Recently we were tasked with writing a questionnaire for a music studio that we had been having some difficulty with, regarding accessing an Open Day. The questions were on the topics of accessibility, support and inclusivity of the course and the facilities. I found this to be an extremely difficult task and required the help of the group with every question; this is only natural - No amount of reflection, introspection, guesswork or hypothesizing will help me when I have never had to fight for my own equal access. I have no personal experience and therefore no reliable knowledge. Of course, I can learn, but I need experts to educate me on their own personal experience – a true first-person perspective.

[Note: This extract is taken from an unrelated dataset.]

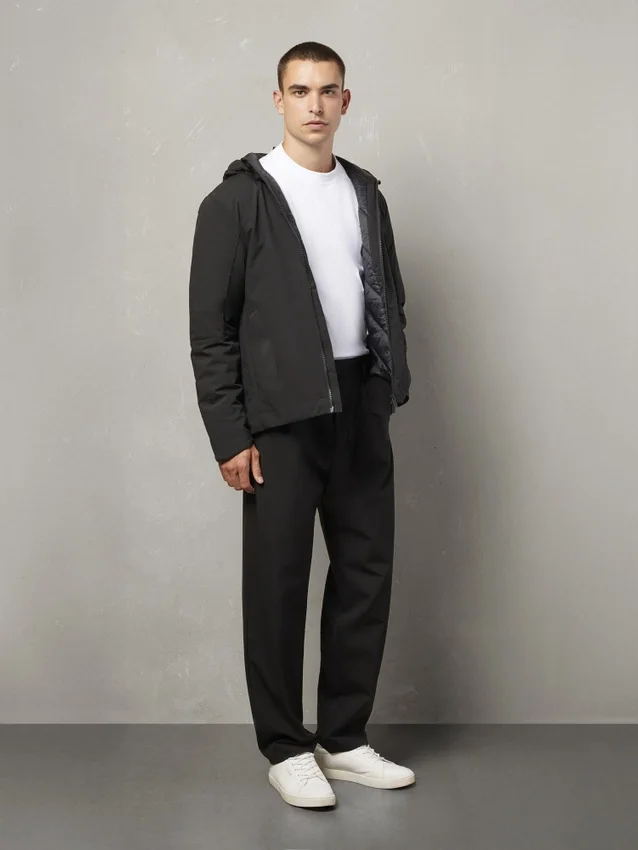 James Winter Regenjacke Primaloft James Winter Regenjacke Primaloft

In initial conversations with the music studio, a member of the marketing team had promised our visit to be fully facilitated and the group welcomed with open arms. They had left and been replaced by a new member of the marketing team, who, in a recent discussion had stated they were “worried about us coming.” I wondered how the studio could go from taking a (possibly) Social Model Approach to not – and not seeking help or asking question to change that. It highlighted the tentative and hazy nature of the idea of an equally accessible environment. What one individual saw as an equal access environment, another did not. It emphasized a lack of knowledge and experience that they, much like me, did not possess and were afraid to explore. Similarly, to how I had benefitted from the knowledge of my experienced teachers, the studio would also clearly gain insight from the group’s visit and could, in turn, use that knowledge to create an environment with improved equal access.
Claiming to have a fully inclusive environment, deemed inclusive by those that have never had any issue with access proves both ironic and problematic. Conversely, not being willing to listen or assuming the environment immediately is not, is just as problematic. The questionnaire was a good start and proved a willingness to engage and listen, but as I have come to realize, there are no halfway marks with equal access and an environment is not equal until those that face the inequality say it is. None the less, the first step is to try – that is the most important part!
Examples such as this highlight the decaying peripheries of unequal access as more and more companies are challenged to reconsider their environments. Companies needn't be worried. There is no universally applicable answer to creating an equal environment and it is understood that it is an issue not solved instantly. Rather, the process is a journey. It is not learnt innately, and neither is it expected to be. What is expected is a conscientious effort towards learning and towards listening to those that have the experience and knowledge, to the experts. Those with first hand personal experience.